In 1978, this was a pretty dismal place. Plus it smelled bad most of the time – something I’m glad to say has changed quite a bit.
Nothing, and I mean nothing, was happening downtown, if you don’t count the two X-rated theaters. Sixth Avenue was a boarded-up, lifeless street. You could count the halfway decent restaurants in the area on one hand. I remember writing a friend back in Virginia and describing the area as depressing.
The TNT was also a disappointment back then, a boy’s club with not a single woman in management. There were a few women reporters, but I think I was expecting more in this progressive corner of the country. The paper I had worked at in Virginia had a woman city editor and I was the features editor.
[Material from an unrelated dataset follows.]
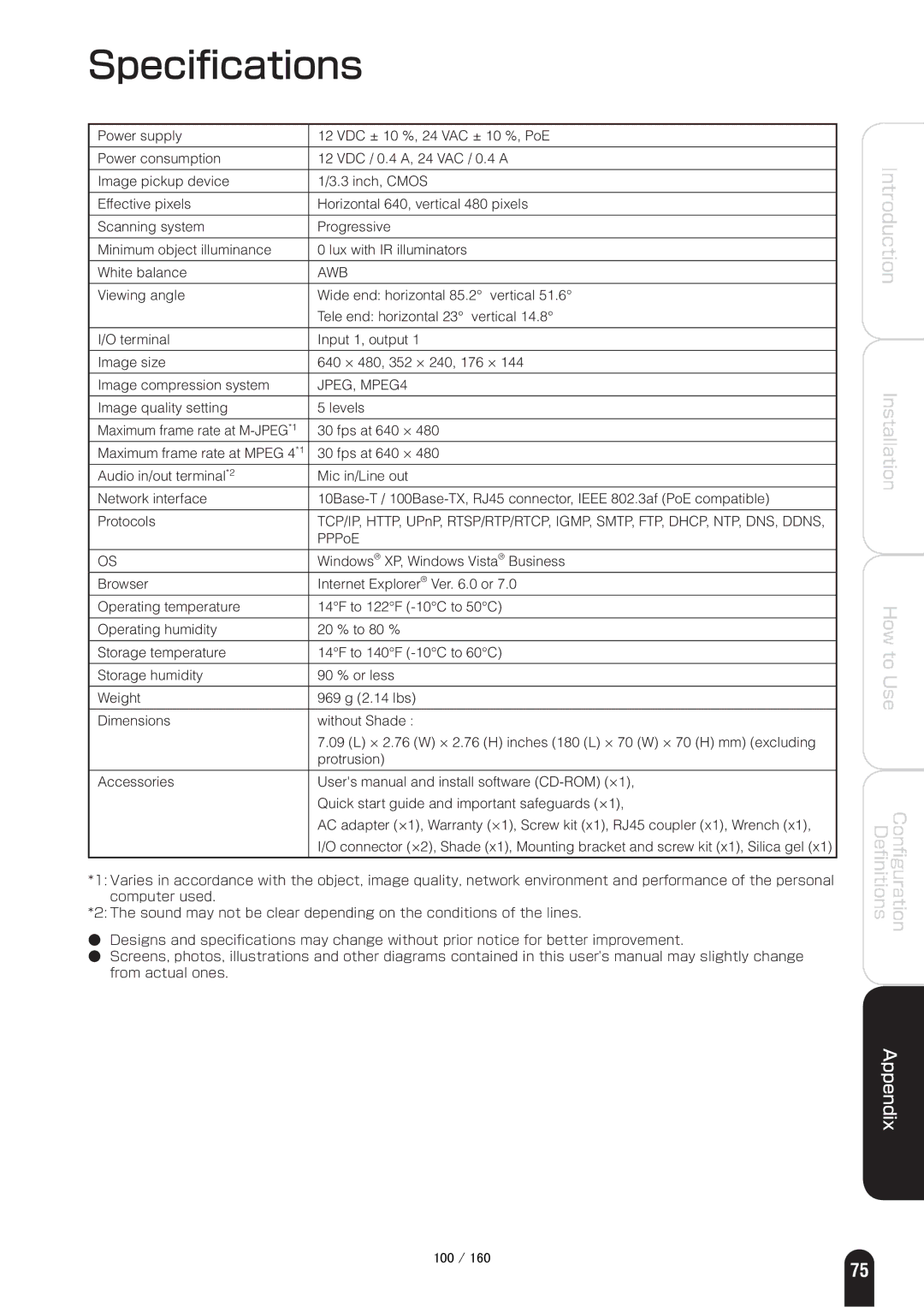 Toshiba IK-WB70A manual Speciﬁcations, Awb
At the TNT, even the editor of the very traditional “women’s section” was a man.
It took a few years, but things did start changing at the TNT as well as in Tacoma. In the ’80s, women started moving into positions of responsibility in the newsroom. The paper now has had two women publishers and three women running the newsroom.
In 1988, I became the first woman editorial writer and member of the editorial board – a glass ceiling that took far too long to break. I have the late publisher, Bill Honeysett, to thank for that opportunity.
I’ve had the privilege of working with many impressive journalists over the years, including the late managing editor Rod Cardwell. When I went to him one day in 1982 with an idea for creating a features department to handle all the “soft” news and the four magazines we published at the time, he was all in.
During my 28 years in the “opinionator” office, my colleagues included two of the smartest people I’ve ever known, Dave Seago and Patrick O’Callahan, both now retired. The new editorial page editor, Matt Misterek, only came on board from the newsroom at the beginning of January, but he’s already on track. I have every confidence that he’ll be a great editor and look out for the community’s interest – which has been the prime directive of the newspaper’s opinion writers for many years.
I’ve very much enjoyed working with the other members of the editorial board: publisher Dave Zeeck, executive editor Karen Peterson and managing editor Dale Phelps – fine journalists all.
I was asked recently what “causes” I was proudest to have written about during my time in editorials. I’d point to arguing for marriage equality, aid in dying and expanded background checks for gun purchases.
Early on I refused to write any editorial that seemed to support the death penalty, and in meetings I always argued against it. Today this newspaper is on record as opposing capital punishment, and the editorial board has taken other progressive stands that make me proud to have worked here.
In retirement I will continue to be a daily print subscriber, my modest way of supporting my fellow journalists and the principle that their work is worth paying for. I hope you will, too.